この名古屋市の学校タブレットに関する報道については、Yahoo!ニュースにおいて、内閣府子供の貧困対策に関する有識者会議の委員で日本大学文理学部教育学科教授(教育財政学・教育行政学)末冨芳氏が、『この操作履歴こそスタディログという子どもの学習行動を記録するものであり、逆にログが記録できなければ学習者の評価ができない場合もあります。』とコメントしたことが、ネット上で大きな注目を集めています。

また、末冨芳氏はTwitterにおいても、「ログが残る=個人情報って(略)さすがのTwitterクオリティ (略)役所サーバーにログが残っても、個人と紐付けてなきゃただのデータ」と投稿しておられます。

末冨ログは個人情報ではない
https://twitter.com/KSuetomi/status/1403081955848048641
(末冨芳氏のTwitter(@KSuetomi)より)

最近、「GIGAスクール」や「教育の個別最適化」、「EdTechの推進」などの掛け声とともに、学校教育におけるICT化が急速に推進されていますが、これらの点をどう考えたらよいのでしょうか。

以下、①学校のタブレット端末の操作履歴ログは個人情報に該当しないのか②タブレット端末等の操作履歴ログなどにより生徒の評価などを行うことは許されるのか、の2点を考えてみたいと思います。

2.タブレットの操作履歴ログは個人情報ではないのか?
末冨芳氏は、教育用タブレットの操作履歴ログが学校等のサーバーに残っていても原則として個人情報ではないとしています。

この点、個人情報保護法2条1項1号は、個人情報とは「個人に関する情報であって」、電磁的記録を含む「特定の個人を識別することができるもの」(他の情報と容易に照合することができるものを含む)と定義しています。

これは名古屋市個人情報保護条例2条1号においても同様です。

個人情報 個人に関する情報であって、当該情報に含まれる氏名、生年月日その他の記述等により、特定の個人を識別することができるもの(他の情報と照合することにより、特定の個人を識別することができることとなるものを含む。)をいう。」(名古屋市個人情報保護条例2条1号)

・名古屋市個人情報保護条例

つまり、「個人に関する情報」であって、電磁的記録などを含むさまざまな情報の「特定の個人を識別することができるもの」「個人情報」です(鈴木正朝・高木浩光・山本一郎『ニッポンの個人情報』20頁)。

個人情報の定義『ニッポンの個人情報』
鈴木正朝・高木浩光・山本一郎「「個人を特定する情報が個人情報である」と信じているすべての方へ―第1回プライバシーフリーク・カフェ(前編)」EnterpriseZineより

学校のタブレット端末の操作履歴ログ(データ)は、学校の生徒がタブレットを操作したことにより生成された電子データですから「個人に関する情報」であり、また、何時何分何秒にどの操作を行ったなどのデータであるので、Suicaの乗降履歴のようにそれぞれ異なるデータであると思われ、それ自体で操作者を「あの人、この人」と「特定の個人を識別」できるので、やはり個人情報(個人データ)に該当すると思われます。

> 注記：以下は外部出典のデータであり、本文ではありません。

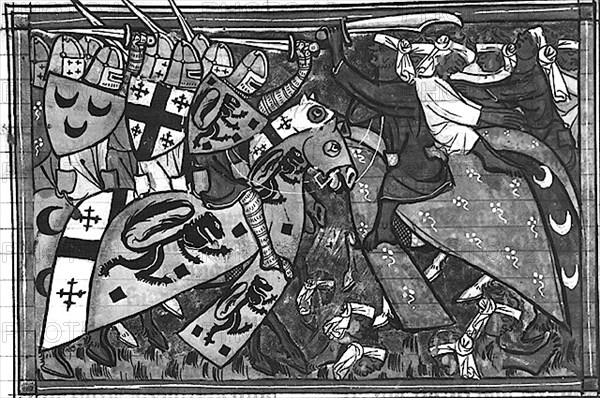 1337. Bataille entre Chrétiens et Sarrasins.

また、このようなログは、端末IDと操作履歴等がセットで記録されるのが一般的と思われるので、学校等のサーバー内のタブレット管理要DBや生徒の個人情報管理DBなどの「端末IDと生徒番号」、「生徒番号と氏名・住所・学年・クラス」等の情報を照合すれば、操作履歴の生徒を割り出すことは簡単であると思われ、これは「他の情報と容易に照合することにより特定の個人を識別」に該当するので、やはり操作履歴データは個人情報(個人データ)に該当します(宇賀克也『個人情報保護法の逐条解説 第6版』39頁、岡村久道『個人情報保護法 第3版』77頁)。

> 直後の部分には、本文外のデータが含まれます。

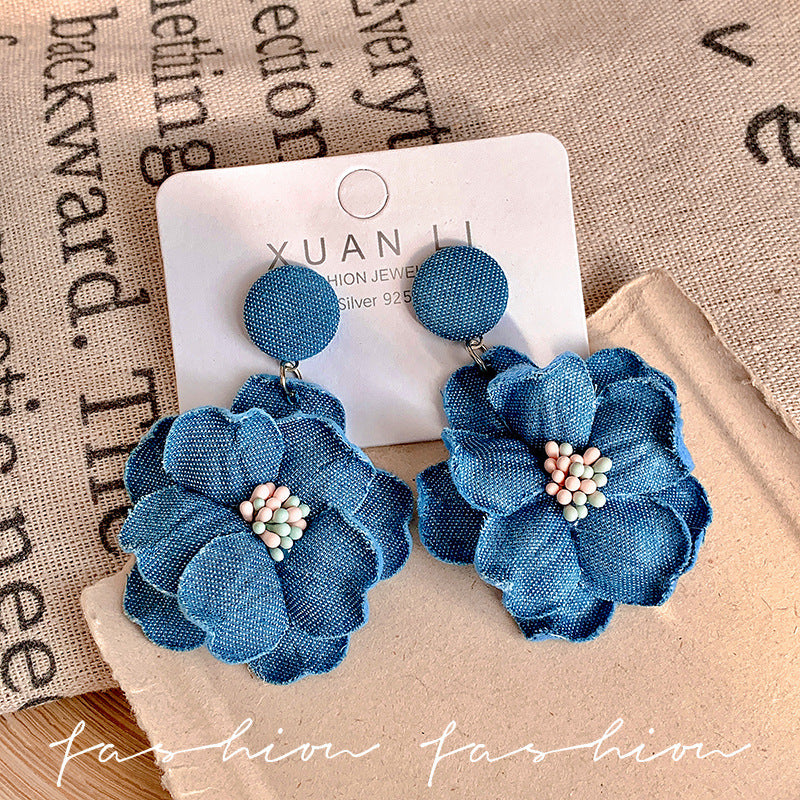 2026 spring/summer new collection: blue fabric flower earrings - french vintage, vacation-ready, statement-making, denim-inspired, and flattering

さらに、まさに末冨氏がTwitterで指摘しているとおり、そもそもタブレットの操作履歴データは、教員が個々の生徒の思考方法などを把握し、「学習者の判定」を行ったり、生徒指導などを行うために収集・保存・分析などが実施されているのですから、操作履歴データが生徒個人と紐付かないデータであるとすると、教員や学校などにとって無意味なデータなのではないでしょうか。

(かりに、タブレット端末の操作履歴データが本当に個人情報でないとたとしても、タブレット操作の履歴データなのですから、ネットの閲覧履歴や位置情報などのように「個人関連情報」(改正個情法26条の2)に該当すると思われ、事業者が第三者提供するためには本人の同意が必要となります(佐脇紀代志『一問一答令和2年改正個人情報保護法』60頁、62頁)。

そのため、学校のタブレット端末の操作履歴データはやはり個人データであるため、自治体・教育委員会や学校あるいは関連する企業等は、この操作履歴データについて、自治体の個人情報保護条例や個人情報保護法上、利用目的の特定、目的外利用の禁止、本人への利用目的の通知・公表、本人同意のない第三者提供の禁止、安全管理措置、開示請求への対応などの各義務を負うことになります。

この点、「学校のタブレット端末の操作履歴データは原則として個人情報ではない」としている、末冨芳・日大教授などの、学校教育のICT化の推進派の方々は、前提となる個人情報保護法制の理解が正しくないと思われます。

3.学習用タブレット端末などの操作履歴・スタディログ・学習行動データなどにより生徒の評価を行うことは許されるのか?
(1)凸版印刷の学習ソフト「やる Key」
学校のタブレット端末などの操作履歴ログについて調べてみると、2017年に総務省が『教育ICTガイドブック Ver.1』という資料を作成し公表しています。
・「教育ICTガイドブック」(PDF)|総務省

この「教育ICTガイドブック Ver.1」48頁以下は、東京都福生市が2017 年度より、市立小学校 3 年生全員に算数のクラウド型ドリルを搭載したタブレット約450台を利用させている事例を紹介しています。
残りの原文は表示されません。